You can create the enumerate type:

create type day_of_week as enum (
    'sun', 'mon', 'tue', 'wed', 'thu', 'fri', 'sat'
);

and use it as the column type, e.g.:

create table notifications (
    id serial primary key,
    event text,
    start_date date,
    day_of_week day_of_week
);

You query may look like this:

select * 
from notifications 
where start_date >= current_date
and day_of_week = 'mon'

Note that values of the type are ordered, so you can, e.g.:

select * 
from notifications 
where day_of_week between 'mon' and 'thu'

Use the function to_char() to get day_of_week from a date:

select to_char(current_date, 'dy')::day_of_week as dow

 dow 
-----
 sun
(1 row) 

Update.
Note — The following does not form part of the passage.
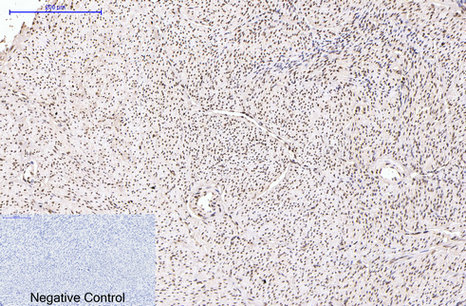 Progesterone Receptor Mouse mAb ABZ4064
If there may be more notifications per event, use an array of day_of_week, example:

create table notifications (
    id serial primary key,
    event text,
    start_date date,
    days_of_week day_of_week[]
);

insert into notifications values
(default, 'some event', '2018-10-01', '{mon, wed}');

select * 
from notifications 
where current_date >= start_date
and 'mon' = any(days_of_week);

Upvotes: 4

Barbaros Özhan
Barbaros Özhan

Reputation: 65218

I don't think you need to store another column but use a collation that depends on start_date column and your day parameter as sun or mon or tue ... etc.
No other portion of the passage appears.